* **GIVEN ENTRIES**:
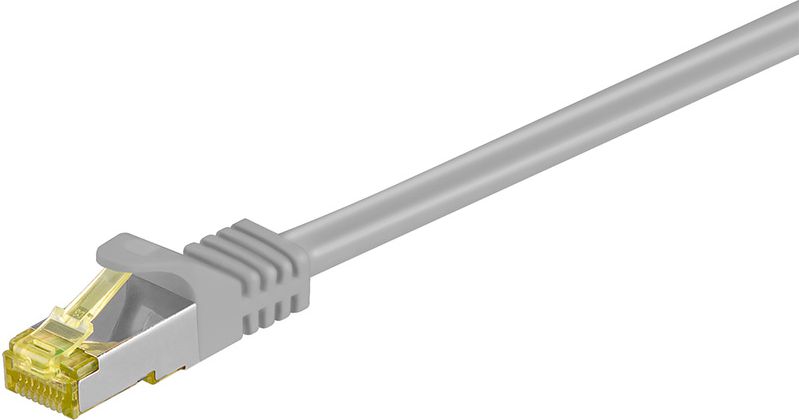 RJ-45 Patchkabel Cat 6.a S/FTP (PIMF), mit Cat.7 Rohkabel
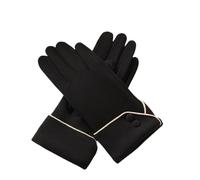1 Paire de Gants épais en Daim for Femme, Mitaines d'hiver Chaudes et moelleuses pour Chauds(Black)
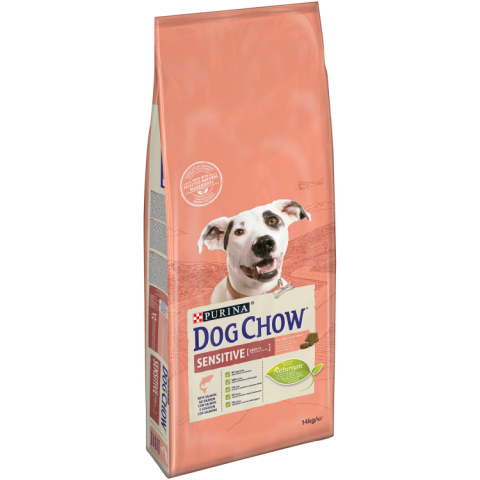 Caini - DOG CHOW SENSITIVE, Somon, 14 kg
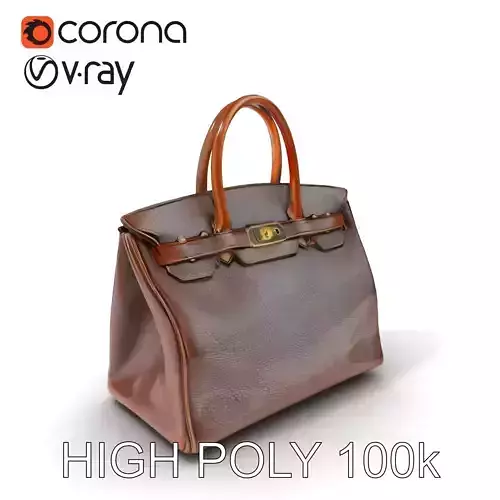 Luxury Handbag D Model Pack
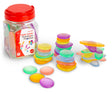 Clear Junior Rainbow Pebbles - 36 pc - Educational Vantage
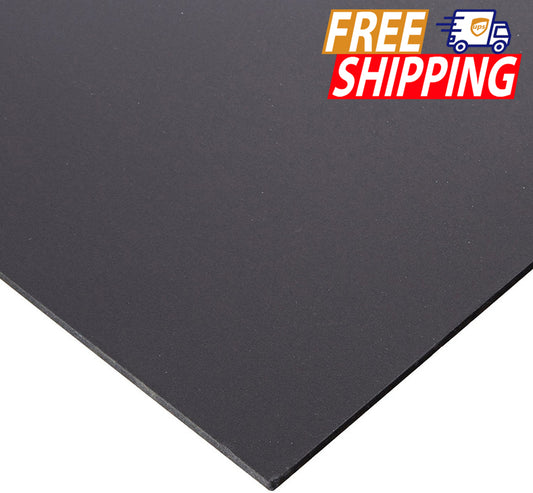 PVC Foam Board - Black - 1 inch thick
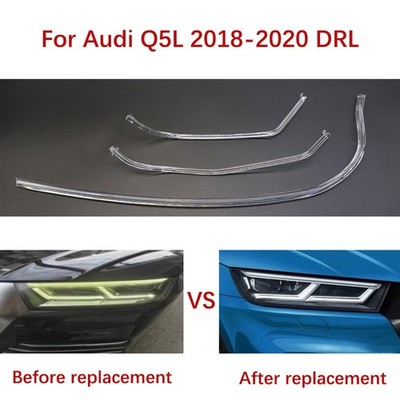 A Pair Car Headlights DRL For Audi Q5L 2018-2020 Light Guide Strip Tube Ballast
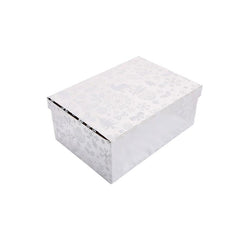 8/10 Gift Box Sliver SY Deer (23*16.5*9.5CM) with a decorative silver design.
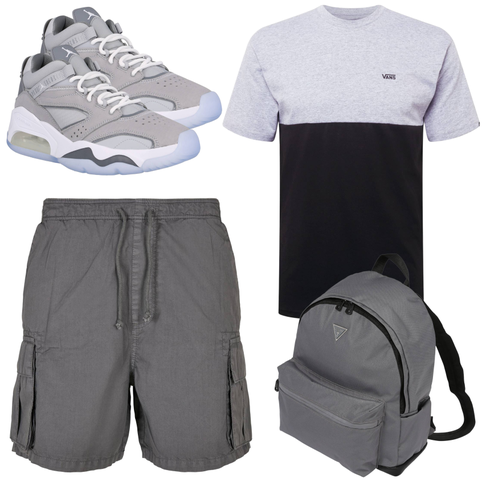 Grau/Schwarz/DunkelGrau/Dunkelblau/HellGrau Funktions T-Shirt/T-Shirt Training/Shirt/Ausgefallenes T-shirt/Kurzarm T-Shirt/Sport-Top Vans kombinieren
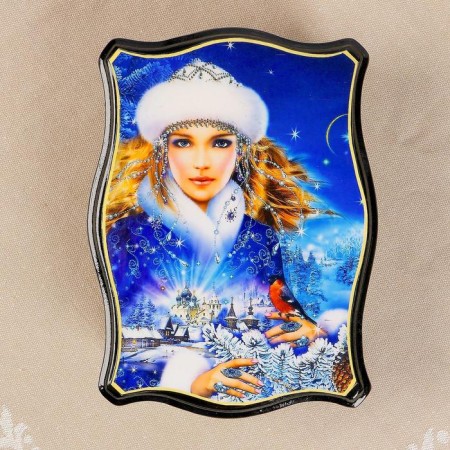 Casket "Tales", 12 × 16 cm, lacquer miniature, mix-9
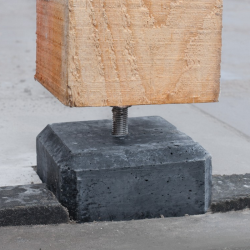 Betonpoer-hoogteverstelling M16 rvs 7.5x7.5cm Betonpoer-hoogteverstelling M16 rvs 7.5x7.5cm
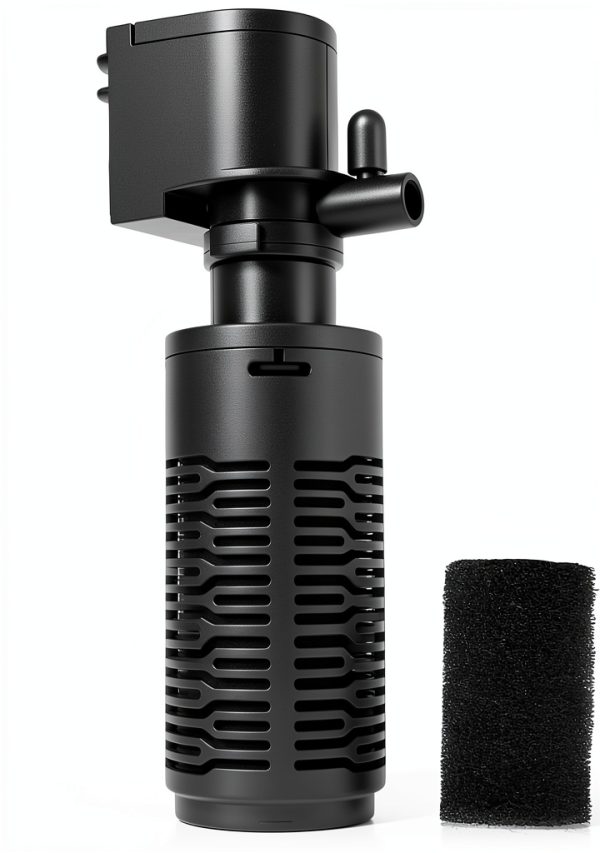 Tuodaxin Aquarium Filter 4in1 Filtration for Small Tanks-0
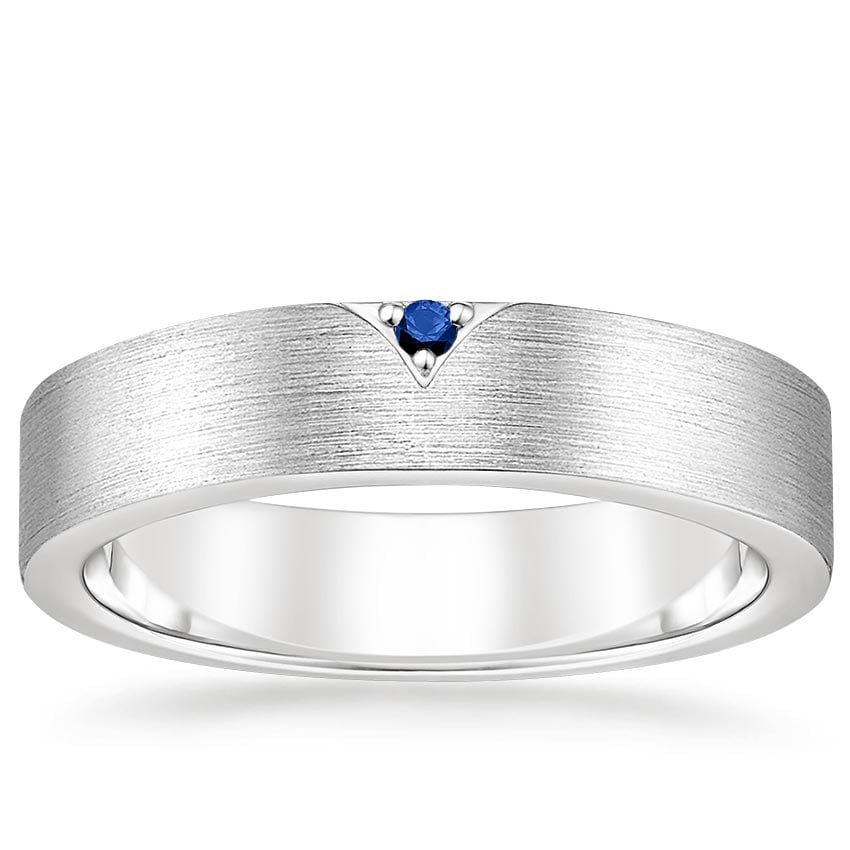 Andreas Sapphire 5mm Wedding Ring Platinum Wedding Band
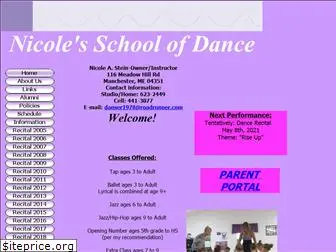 nicoleschoolofdance.com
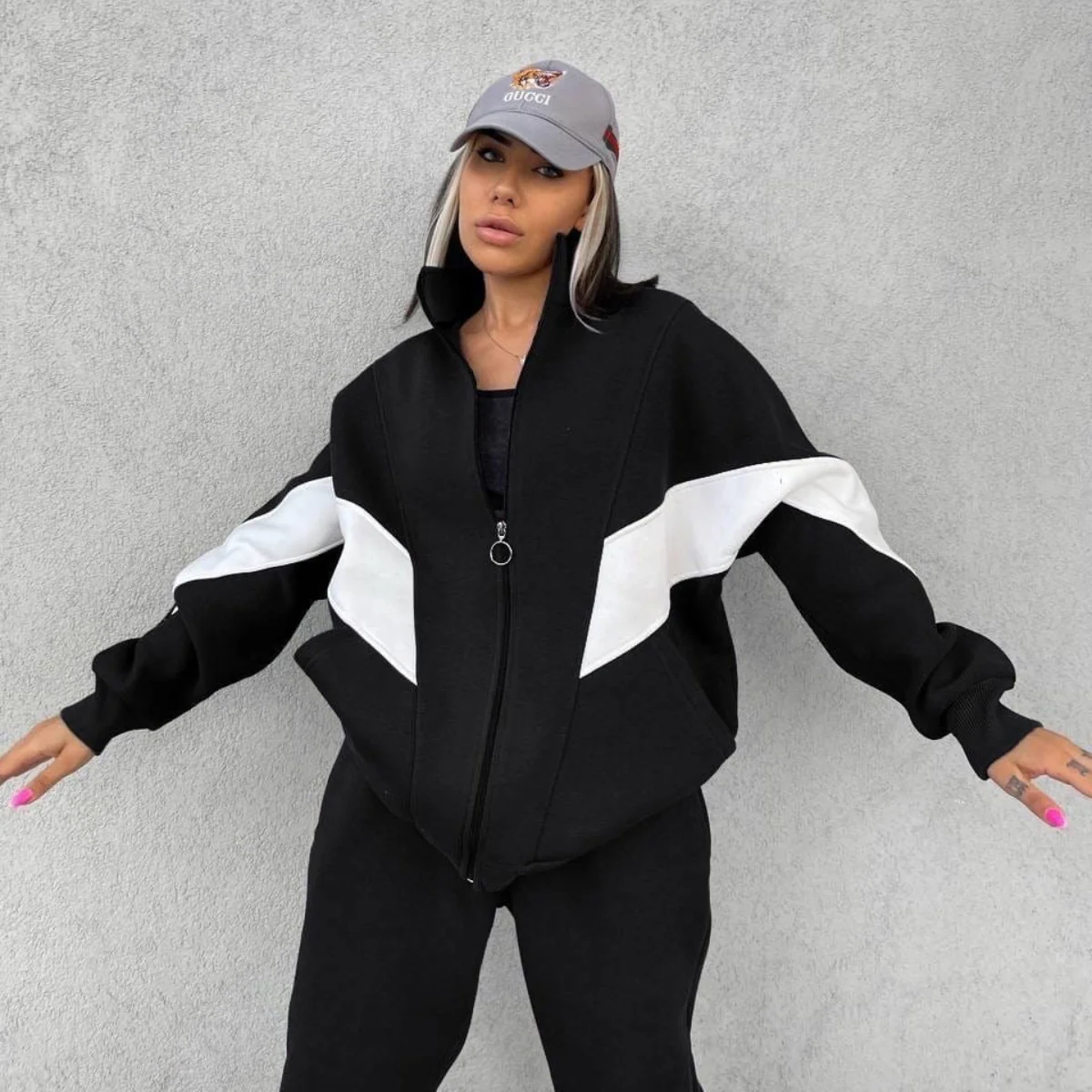 Damen kuscheliges Fleece-Trainingsanzug Heidi-Mode - Image 4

* **EXERCISE INSTRUCTIONS**: Transcribe the listing exactly, skipping pictures.

* **WORKED SOLUTION**:
 RJ-45 Patchkabel Cat 6.a S/FTP (PIMF), mit Cat.7 Rohkabel
1 Paire de Gants épais en Daim for Femme, Mitaines d'hiver Chaudes et moelleuses pour Chauds(Black)
 Caini - DOG CHOW SENSITIVE, Somon, 14 kg
 Luxury Handbag D Model Pack
 Clear Junior Rainbow Pebbles - 36 pc - Educational Vantage
 PVC Foam Board - Black - 1 inch thick
 A Pair Car Headlights DRL For Audi Q5L 2018-2020 Light Guide Strip Tube Ballast
 8/10 Gift Box Sliver SY Deer (23*16.5*9.5CM) with a decorative silver design.
 Grau/Schwarz/DunkelGrau/Dunkelblau/HellGrau Funktions T-Shirt/T-Shirt Training/Shirt/Ausgefallenes T-shirt/Kurzarm T-Shirt/Sport-Top Vans kombinieren
 Casket "Tales", 12 × 16 cm, lacquer miniature, mix-9
 Betonpoer-hoogteverstelling M16 rvs 7.5x7.5cm Betonpoer-hoogteverstelling M16 rvs 7.5x7.5cm
 Tuodaxin Aquarium Filter 4in1 Filtration for Small Tanks-0
 Andreas Sapphire 5mm Wedding Ring Platinum Wedding Band
 nicoleschoolofdance.com
 Damen kuscheliges Fleece-Trainingsanzug Heidi-Mode - Image 4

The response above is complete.